= Ramón Silva Bahamondes =

Chilean singer and radio announcer (1944–2020)

Ramón Óscar Silva Bahamondes, better known as Moncho Silva (Valparaíso, 16 June 1944 - Viña del Mar, 3 September 2020), was a Chilean singer and radio host.

==Biography==

The son of Juan Ramón Felipe Silva Billa and Adelina Emma Bahamondes Carrasco, he studied at the Colegio San Pedro Nolasco.

He began singing at school participating in folk groups, and made his first recording with the group Los del Sendero together with the singer José Alfredo Fuentes. Between 1966 and 1968, he joined the vocal quartet Clan 91.

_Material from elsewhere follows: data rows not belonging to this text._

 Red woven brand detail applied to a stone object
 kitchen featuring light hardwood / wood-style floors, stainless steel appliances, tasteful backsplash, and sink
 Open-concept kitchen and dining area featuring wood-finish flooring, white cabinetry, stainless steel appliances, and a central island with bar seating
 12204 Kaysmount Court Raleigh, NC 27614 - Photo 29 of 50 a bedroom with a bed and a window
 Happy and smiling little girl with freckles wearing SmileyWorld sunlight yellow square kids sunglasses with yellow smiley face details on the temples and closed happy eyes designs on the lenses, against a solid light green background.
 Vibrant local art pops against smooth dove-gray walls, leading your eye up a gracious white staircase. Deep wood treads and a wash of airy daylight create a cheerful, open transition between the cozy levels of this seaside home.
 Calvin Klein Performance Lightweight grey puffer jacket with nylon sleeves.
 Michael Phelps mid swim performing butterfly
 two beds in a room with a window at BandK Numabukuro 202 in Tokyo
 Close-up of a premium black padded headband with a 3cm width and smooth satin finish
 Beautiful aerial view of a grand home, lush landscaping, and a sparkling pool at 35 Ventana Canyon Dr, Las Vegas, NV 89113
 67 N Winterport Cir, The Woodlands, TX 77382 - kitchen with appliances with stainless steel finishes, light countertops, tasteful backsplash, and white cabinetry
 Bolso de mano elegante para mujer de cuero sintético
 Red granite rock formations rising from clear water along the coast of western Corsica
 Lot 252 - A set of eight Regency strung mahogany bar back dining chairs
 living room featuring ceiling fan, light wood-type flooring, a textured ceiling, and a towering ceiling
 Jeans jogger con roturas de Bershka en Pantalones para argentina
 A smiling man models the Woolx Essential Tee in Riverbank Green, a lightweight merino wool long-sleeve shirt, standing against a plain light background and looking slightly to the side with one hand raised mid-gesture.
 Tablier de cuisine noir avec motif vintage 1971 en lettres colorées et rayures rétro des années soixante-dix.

During his career as radio host, he was one of the founders of the Radio Festival of Viña del Mar in 1976. He worked in Radio Portales de Valparaíso hosting the program Portaleando la mañana.

In Santiago he worked for Radio Gigante and Radio Portales. On television, in 1986 he was part of the international jury of the XXVII International Festival of the Song in Viña del Sea. That same year he was a panelist for the program Goal Show on UCV Television. He was a music producer at Channel 13.

In his later years, he returned to the Valparaíso Region to live in Concón. He worked at Radio Congreso. His last job was at the Concón community radio station until mid-August 2020, when he was hospitalized at the Admiral Nef Naval Hospital for COVID-19, during the pandemic in Chile; he died on September 3 of the same year aged 76.